When you need the plumbing fixed at your house, you do not really care what tools the plumber uses as long as everything works as it should when he is finished.

One of our staff recently started language classes, and to do so, had to shop around. She made some phone calls, asked friends and colleagues, and did research online to find a school. The classes are being provided by a private language school that were highly recommended. When she called them up to enquire about classes, they answered her questions well and explained the outcomes they would deliver. "If you study, you will be reading and writing in 3-4 weeks," they said.

There was nothing about where their teachers had studied or what books they would use. There was no discussion at all about the size of the building. She asked about how long the classes would last, what sort of progress she could expect, and what the sessions would look like in terms of teaching style. Her primary concerns were whether they could actually teach her the language, whether the school was located conveniently, and how much the lessons would cost.

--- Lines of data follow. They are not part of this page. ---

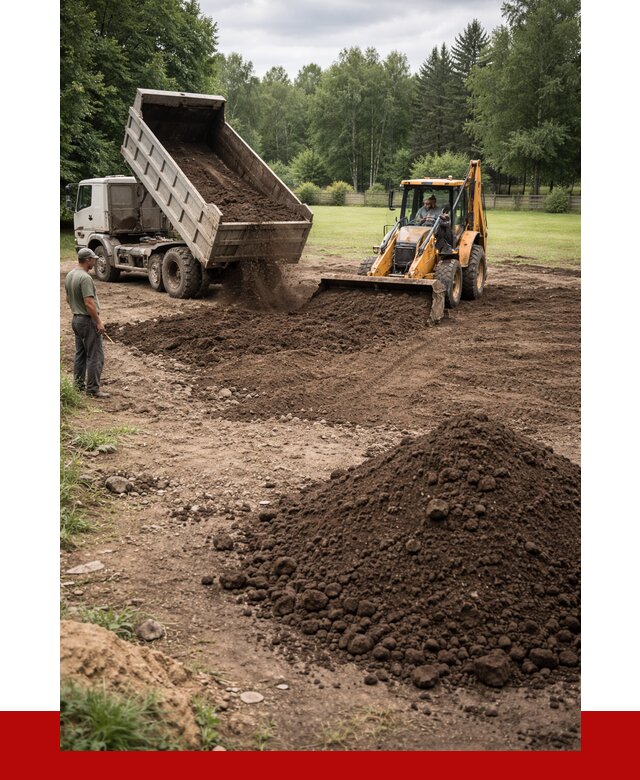 Грунт для выравнивания участка в Борзе от 1236 р. | ПРОНЕРУДБря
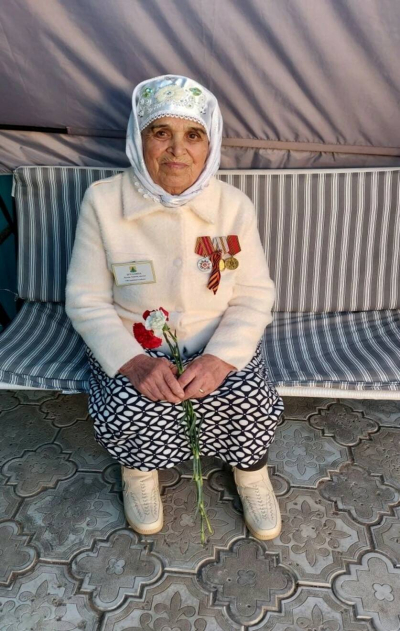 Педагог Луиза Яруллина из Татарстана отметила 95-летие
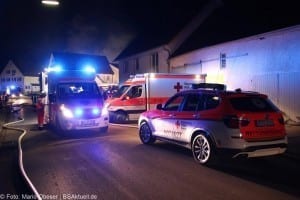 Brand Uttenhofen Stallgebaeude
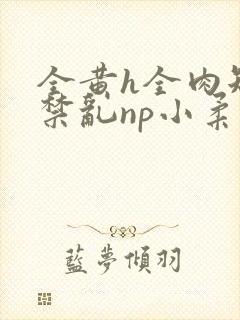 全黄h全肉短篇禁乱np小柔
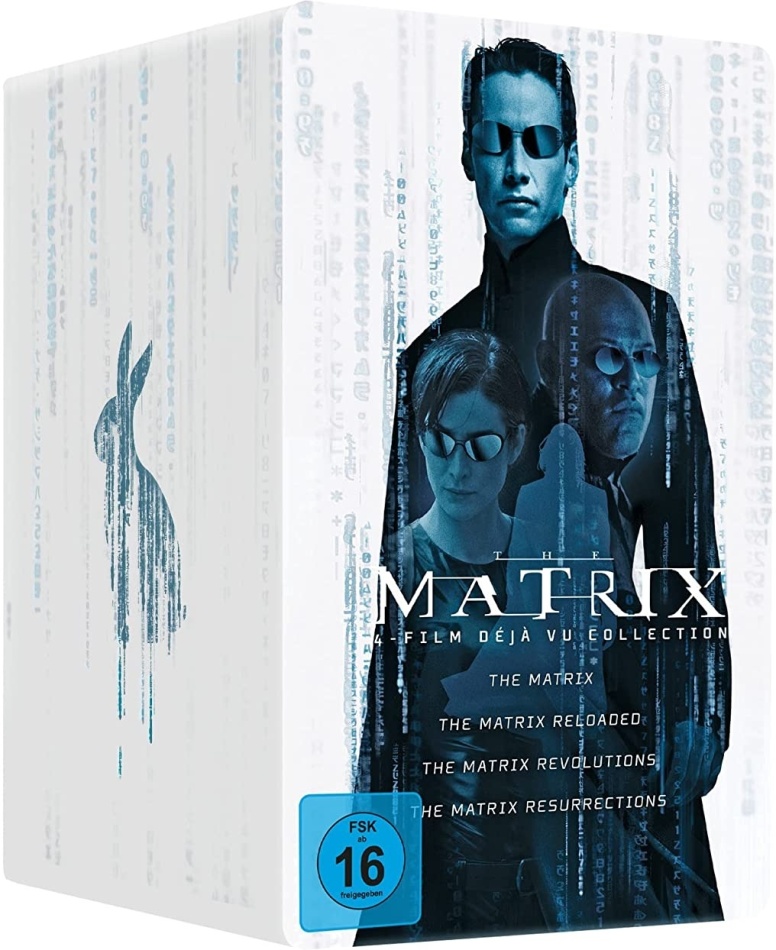 The Matrix 1-4 - 4-Film Déjà Vu Collection (Limited Edition, 4 4K Ultra HDs + 7 Blu-rays)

She knew enough about her own learning styles to have some idea what would work best for her, and there were key elements of the programme that she knew she wanted. After a conversation with this school, she felt informed and confident, paid her money, and started learning. Now, when people ask her how the classes are going, her response is always the same. She does not say anything about the text that they are using or the kind of teacher she has. She simply says, "I can read!"

What we want from RTE is for all children to be able to declare, equally enthusiastically, "I can read!" The question, then, is how we get there. For one, we should worry less about inputs and more about outcomes. Teachers have lots of different ways of teaching. Different methods will work better for some kids than for others. Some students will speed through reading but need a lot of help with maths. Some kids will pick up maths without any effort, but will struggle to learn history.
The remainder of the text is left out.